Relembrando o encontro na noite anterior,nem sabia que quando o viu ainda havia um pingo de saudade daqueles olhos bêbados.Estavam alegres no mesmo bloco, amigos perdidos na multidão. Fizeram-se companhia e depois do gole na cerveja quente, um beijo. Cansados, sentaram na areia contemplando o mar e dissertaram brevemente sobre suas vidas: tanto tempo, outros namoros terminados, referenciais desfeitos, uma ou outra paixão platônica, mas nada tão intenso, tão estável, duradouro.
“ Você encontrou, finalmente, a sua mulher ideal?”...” Sim, mas a perdi de vista quando não acreditei que eu a merecia”...” E você, amou alguém?”...”Talvez, parece que depois que acaba não se sabe mais ao certo o que nos uniu”.
“ Você encontrou, finalmente, a sua mulher ideal?”...” Sim, mas a perdi de vista quando não acreditei que eu a merecia”...” E você, amou alguém?”...”Talvez, parece que depois que acaba não se sabe mais ao certo o que nos uniu”.
Ele ainda dormia quando debruçou seus olhos naquela imagem e sentiu um restinho de saudade de abraçá-lo como antes, de encaixar-se naquele corpo, abandonada. Foi então que ele abriu os olhos.Aqueles olhos bêbados. Em seguida abriu um sorriso, os braços e a puxou pra perto. Beijou sua testa, seu rosto e disse um "bom dia" preguiçoso antes de vestir a roupa com uma expressão impune.” A gente se vê...”, disse juntando a chave, a carteira, o celular...” Te ligo qualquer dia desses...”fechando a porta atrás de si.Deixou-a com a frase evasiva ecoando, costurando desfechos.Deixou uma inquietação que se pensava superada.Agora restava recomeçar algo que parecia ter completado, teria que recomeçar a esquecê-lo.

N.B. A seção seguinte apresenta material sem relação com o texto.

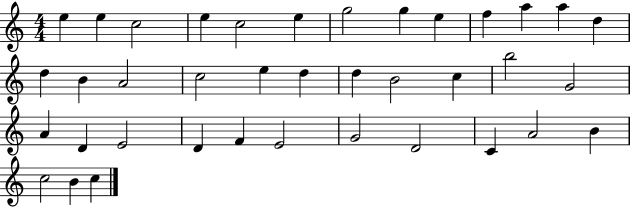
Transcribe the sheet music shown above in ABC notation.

X:1
T:Untitled
M:4/4
L:1/4
K:C
e e c2 e c2 e g2 g e f a a d d B A2 c2 e d d B2 c b2 G2 A D E2 D F E2 G2 D2 C A2 B c2 B c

Afundou a cabeça no travesseiro, cobriu o rosto com o lençol e tentou retomar a consciência de que os elementos que tinha não eram suficientes pra recompor um romance despedaçado.Talvez apenas lhe rendesse mais um desses poemas que doem.
*
*
Marla de Queiroz.
P.S.: Texto escrito para revista DROPS RIO 2ª Edição.
13 comentários:
E como estes poemas doem ...
Quisera eu saber fazer poemas .
Saudades de suas lindas palavras.
Beijos e bom feriado.
é sempre bom ler um poema de qualidade.
de qualquer jeito meu blog é novo e seria legal
se você desses dicas ou criticas.
http://chaverde.wordpress.com
Agradecido.
Uau! Well...
Que dizer pra expressar? Talvez...'amei'?...
;)
Beijo.
hummm, esse texto lindo eu já conheço, bem oportuno!!!!

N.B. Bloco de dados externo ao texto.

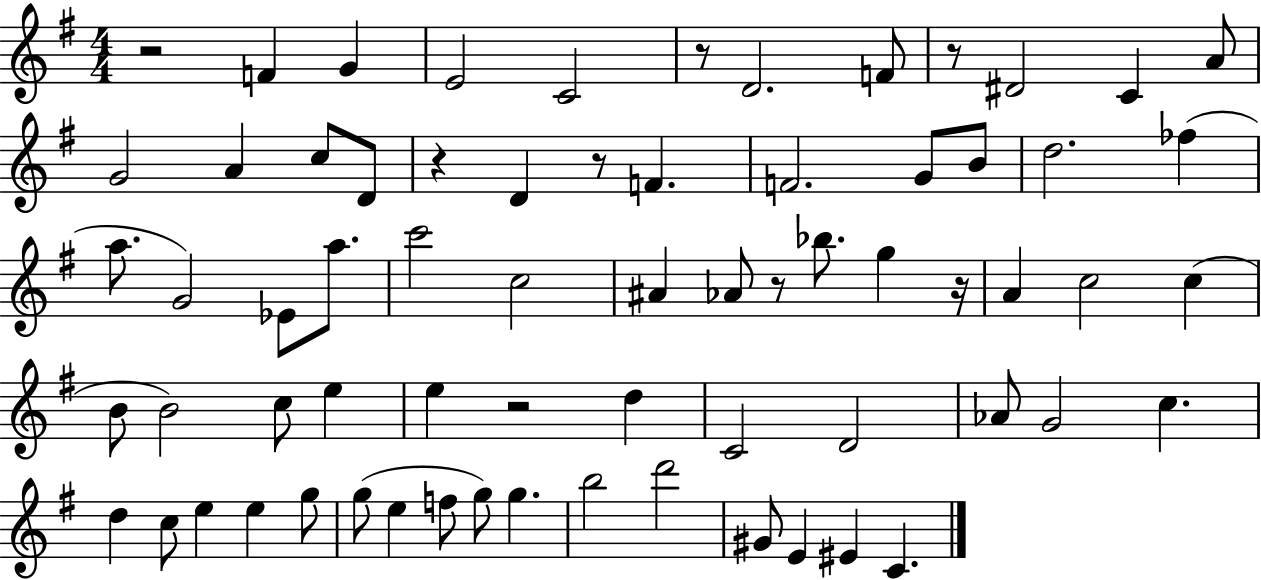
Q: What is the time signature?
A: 4/4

poemas que doem... fico pensando: qual não dói? ainda que gozo, vem de uma tensão de urgência.
linda, te adoro!
poetabraços
clauky
Nós homens somos uns crápulas. Acho que vc sabe disso...
Ótimo texto
Marla, querida. Tinha te achado pela net e te adicionado nos meus favoritos. Aí perdi tudo. Formatei essa bodeguinha e nunca mais tinha tido oportunidade de ler seus textos tão bem escritos. Que bom que te reencontrei.. que bom que cheguei aqui e encontrei um texto maravilhoso.. que bom! Agora estás guardada entre meus preferidos de novo. Volto mais vezes. Beijo e tudo de bom. :)
Recomeçar a esquecer...
é uma tarefa difícil e árdua...
e também dói como alguns poemas...
Parabéns, Linda! Você vai brilhar cada vez mais!
Tá uma uva este texto!
Gy
Marla, estou totalmente viciada nos seus textos!!! (aquela historia do mar e da ira é demaaaaais!!!!)
Não pare nunca de escrever!!!!!
bjs
Mas "trotando em minutos" ... Eu não vou lhe dar o enorme prazer de me ver...

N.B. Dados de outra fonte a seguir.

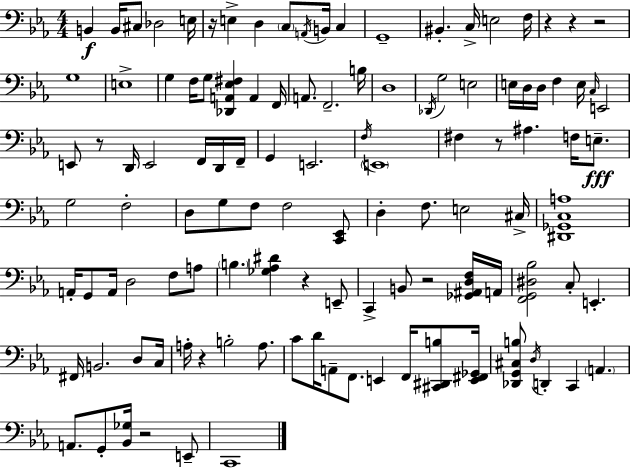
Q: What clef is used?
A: bass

Pois é morena, fui lendo e ouvindo mentalmente a música do Chico e do Francis Hime.
AbraçoDasGerais.
Das inquietações daqueles que entram e saem das mesmas histórias. Da fome ao café que cura bebedeiras. Coisas entre prazer, corações batucando e contagio entre peles. Se tudo isso não paga, a poesia de Marla cobre a proposta. Riodaqui/Paulo Vigu
Melhor a cada edição!
Êita coisa forte! Visceral, dolorida.
Dá uma pontada na garganta, vontade de chorar, despir-se de tudo.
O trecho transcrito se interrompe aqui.